No PhishingHere is a guest post from my colleague Laura A. Calloway, Director of Service Programs for the Alabama State Bar. She has been a practice management advisor for a few weeks longer than I have (and, even after all these years, she never lets me forget it.) These latest spear phishing attacks that purport to be from local bar association leaders will likely be duplicated in other regions in the future. So thanks to Laura for letting us republish her sound advice on this topic.

Protect Yourself from Spear Phishing and Ransomware

by Laura A. Calloway

Some Alabama State Bar members were targeted earlier in the week by a spear phishing email with a ransomware payload, so it’s a good idea to remind lawyers be aware of this type of malicious electronic attack and to take appropriate precautions against it.  So what does this mean, in plain English?

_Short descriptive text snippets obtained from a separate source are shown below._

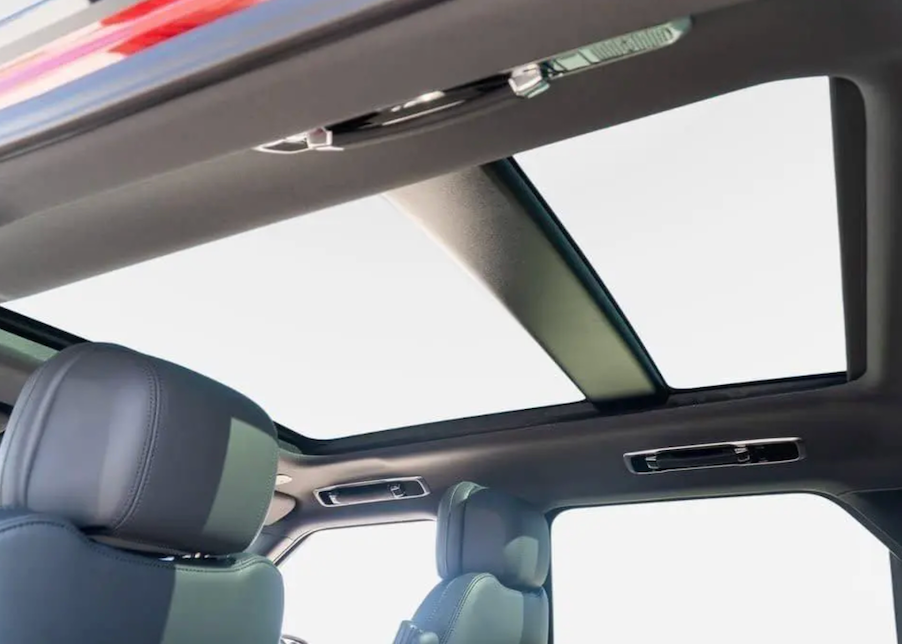 Car interior with a sunroof and headrests visible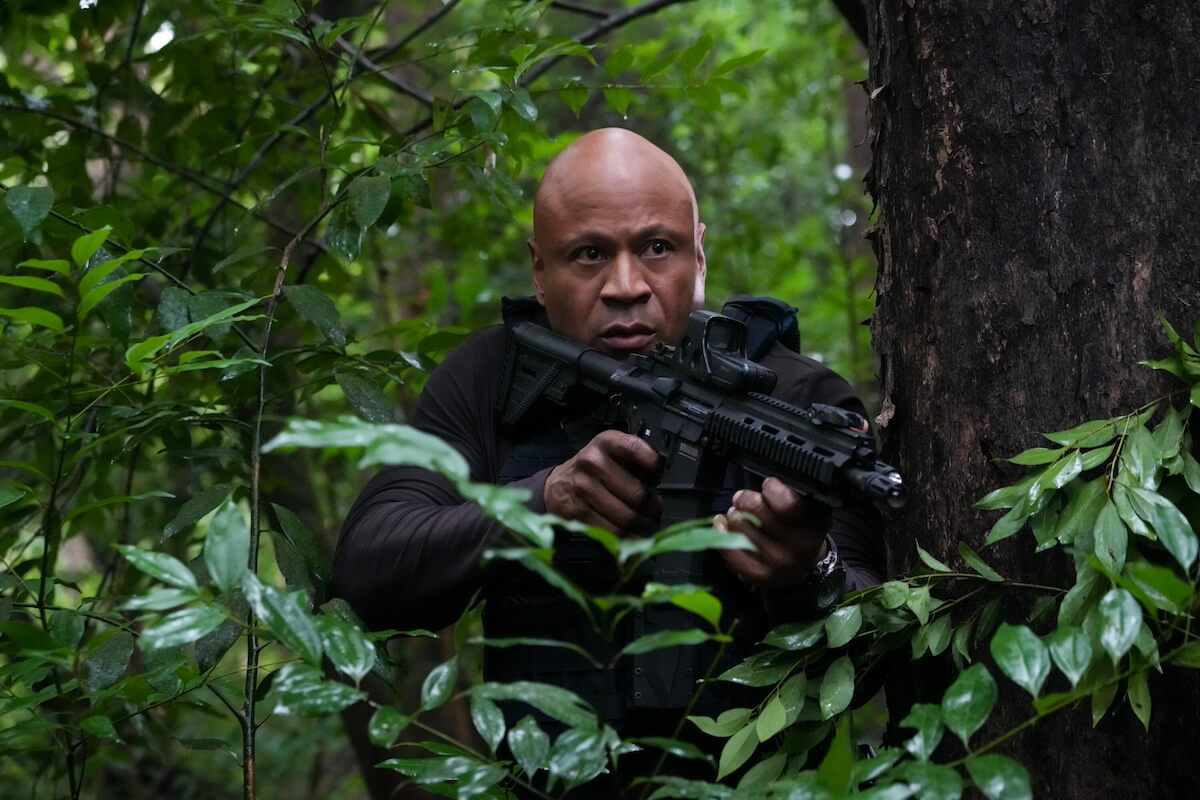 LL Cool J holding a gun and hiding in the trees in 'NCIS: Hawai'i'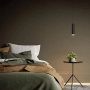 Moderne LUXULA Hängelampe in Schwarz-Gold über Nachttisch im Schlafzimmer.
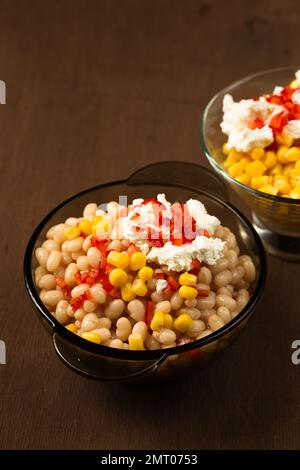 Esquites mit Mais und weißen Kidney Beans, Käse, Mayonnaise und Chili auf dunklem Hintergrund. Mexikanisches Street Food Stockfoto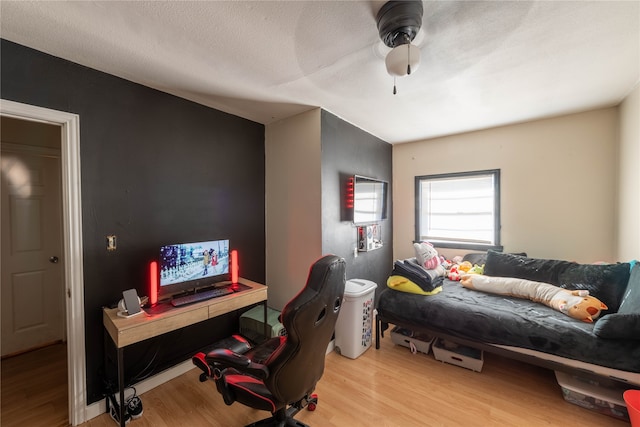 office with a textured ceiling, light wood-type flooring, and ceiling fan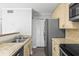 Kitchen showcases stainless steel appliances, updated cabinetry, and convenient access to storage at 4115 Little River Rd. # 1-E, Myrtle Beach, SC 29577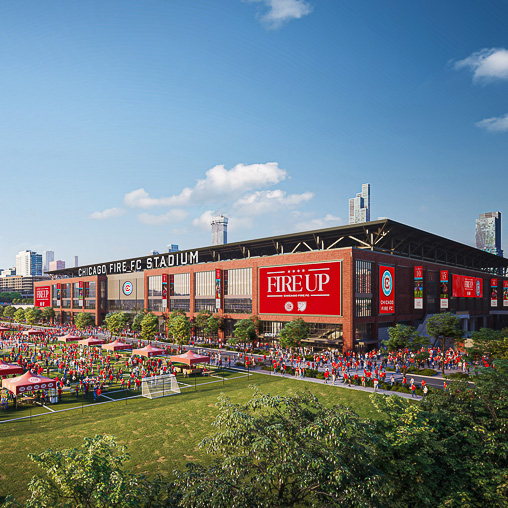 A stadium with a field in front of it.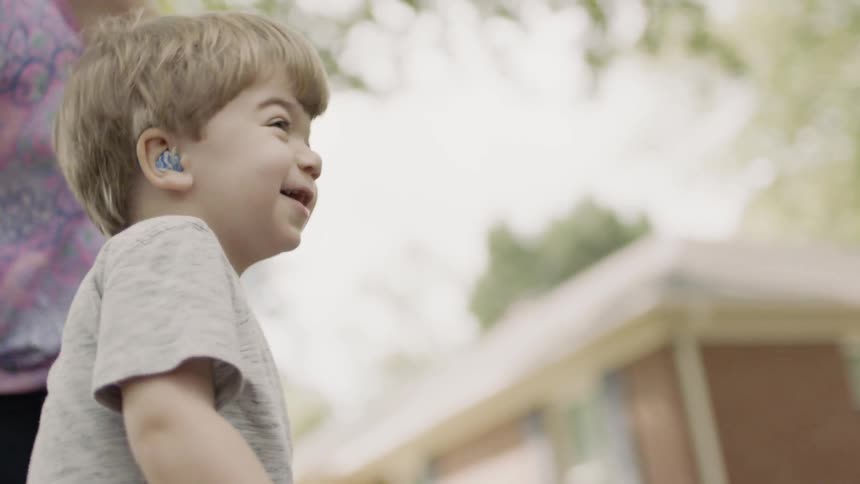 Smiling toddler plays in a yard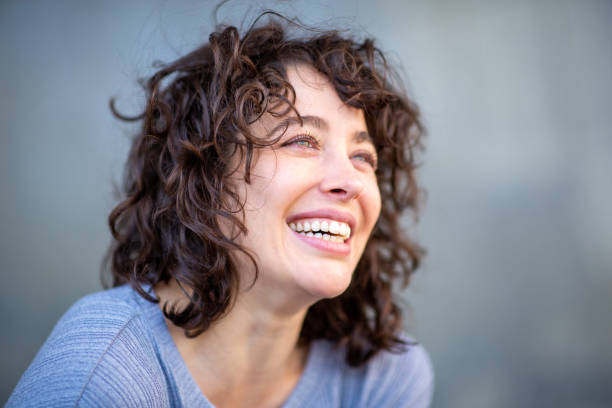 istock Cheerful young woman looking away and smiling 2202574082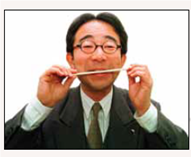 Why Do They Have to Learn to Smile?  In the United States it's very common to see people smiling in public because it's a friendly way to interact socially. In fact, many businesses insist that their salespeople smile at customers because smiling makes the customers feel more comfortable and more likely to buy something. But in Japan, people are very reluctant to show emotions in public and that's become a problem. Japan is currently going through a recession or downturn in business, so there is increased competition to get new customers and keep current customers happy. Said one gas station attendant who is trying to learn to smile more, In this recession, customers are getting choosy about their gas stations, so you have to think positively. Laughter and a smile are representative of this positive thinking (Reitman, 1999, p. A1). But getting salespeople to smile is a radical change in Japan, whose cultural tradition has long emphasized suppressing any public display of emotions, be it happy, sad, or angry. For example, women never smile at their husbands and members of families rarely touch in public and never hug, even when greeting after a long separation. It's still common for women to place a hand over their mouths when they laugh, and men believe that the correct and proper behavior is to show no emotions in public. Unlike American salespeople who often smile and make eye contact with their customers, Japanese salespeople are reserved and greet customers with a simple welcome; smiling, up until now, was totally frowned upon. Because getting salespeople to smile is going against a strong tradition, learning how to smile has grown into a big business in Japan. Employees are now being sent to smile school, which uses various techniques to teach reluctant and bashful students to smile. For example, one technique in learning how to smile is biting on a chopstick (photo above) and then lifting the edges of the mouth higher than the chopstick. Another technique is to follow smile instructions: Relax the muscle under your nose, loosen up your tongue. Put your hands on your stomach and laugh out loud, feeling the 'poisons' escape (Reitman, 1999, p. A1). What is driving all this smiling in Japan is sales and morale. As is well known by American businesses, happy, friendly salespeople are usually the most successful and are great at building company morale. The same is holding true in Japan, where smiley clerks are racking up the most sales and creating a friendly morale. People in other parts of Asia, such as China, also are not accustomed to smiling in social situations. In fact, volunteers for the 2008 Olympics in Beijing were required to take classes on how to smile to ensure that they portray China as hospitable.    Question When having to make money is bucking cultural traditions, what do you think will happen?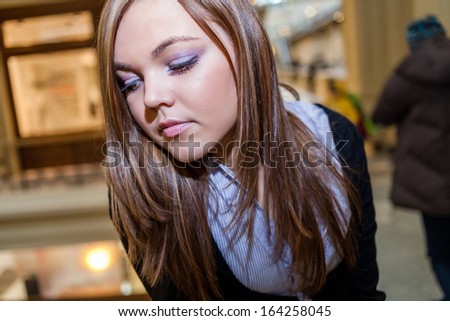 Closeup shot of the Female looking down with blank expression on the face. Photo of young beautiful lady inside the big mall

Almost everyone is familiar by now with phishing attacks, which involve a scammer sending an email with a spoofed address.  The email is made to appear to be from someone you know or do business with,  in the hope that you will open an attached document or click on a web link within the email, allowing a program embedded in the email or link to install a virus or other malicious software on your computer.  We’ve all received an email from a bank we don’t do business with, saying that we need to log in immediately and change our password or update other information.  Those are easy to spot.  Spear phishing takes this practice to a higher level by seeking out information about the target in order to make the email message seem more likely to really be from someone he or she know, increasing the chances that the recipient will hurriedly and unthinkingly click the link or open the attachment.

In this case, it appears that the scammers obtained email addresses from several local bar associations, probably from online directories, and then targeteded email to the members, purportedly from the local bar president, stating that there was complaint for violation of the rules of professional conduct pending against the member. Needless to say, some people were tricked into opening the links or attachments.  And this is where the ransomware comes into play.

Ransomware is a malicious program which, when downloaded to a computer, encrypts all of the data on the computer’s hard drive.  The computer owner is unable to access any of his or her data, and usually receives a demand for payment, either through bitcoin or PayPal, within a certain period to time.  Often, the payment demand is structured so that if payment is not made by a certain time the ransom goes up and, after a couple of escalations, the computer owner is told that he or she has permanently lost the opportunity to have the data unlocked.

So what can busy lawyers do to protect themselves from this type of attack?  Here are a few quick tips:

  • Make sure that your operating system and all software applications are up to date and completely patched. Malicious software often takes advantage of flaws in older or unpatched software in order to download itself and run.
  • Purchase one or more good antivirus programs and make sure that both the program and the virus signatures are updated regularly.
  • Develop a good backup system, including a backup component that is not constantly connected to your system and the internet. Most ransomware programs are now capable of encrypting not just the computer they are installed on but also data on networked drives, including backup drives.
  • Test your backup system regularly, including reinstalling data from the backup to make sure that it will work in the event of an attack.
  • Most important, remind yourself and your staff to carefully review every email – especially ones that are not expected – before clicking on web links or opening or downloading attachments. If you have any doubt at all, call the sender before opening the attachment or clicking on the link.

Note from Jim: Following Laura's advice and discussing all of this with your staff can help you avoid huge headaches. Thank you, Laura, for sharing with all of us.